The astonishing find was made by reindeer herders on the Lyakhovsky Islands, which are part of the New Siberian islands archipelago in Russia’s Far North.
The bear could be as much as 39,500 years old.
Prior to this, only the bones of cave bears had been unearthed, but this specimen even had its nose intact, according to a team of scientists from the North-Eastern Federal University (NEFU) in Yakutsk, Siberia.
The discovery is of “world importance,” a leading Russian expert on extinct Ice Age species said.
In a statement released by the university, scientist Lena Grigorieva said: “Today this is the first and only find of its kind — a whole bear carcass with soft tissues. It is completely preserved, with all internal organs in place including even its nose.

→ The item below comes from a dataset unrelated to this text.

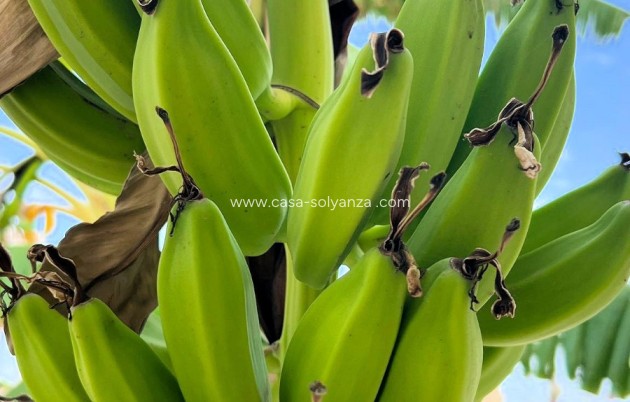 Revente - Villa - Los Urrutias - Costa Calida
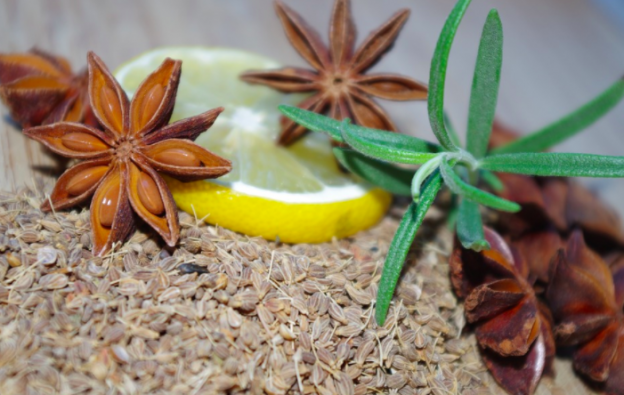 ESTIMULACIÓN DE LOS JUGOS GÁSTRICOS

“Previously, only skulls and bones were found. This find is of great importance for the whole world.”
The adult animal was found by a group of reindeer herders, who then transferred the right to research the specimen to the NEFU, which is at the forefront of research into extinct woolly mammoths and rhinos.
According to the team, the cave bear (Ursus spelaeus) is a prehistoric species or sub-species that lived in Eurasia in the Middle and Late Pleistocene period and became extinct some 15,000 years ago. Preliminary analysis suggests the bear is between 22,000 and 39,500 years old.
Maxim Cheprasov, senior researcher from the Mammoth Museum laboratory in Yakutsk, said in the statement: “It is necessary to carry out radiocarbon analysis to determine the precise age of the bear.”
Scientists have not yet been able to visit the site of the discovery — the ancient carcass was found a long way from Yakutsk, which itself is more than 5,000 miles from Moscow.
Significant discoveries, including mammoths, woolly rhinos, Ice Age foal, several puppies and cave lion cubs, have been made in Siberia in recent years as the permafrost melts.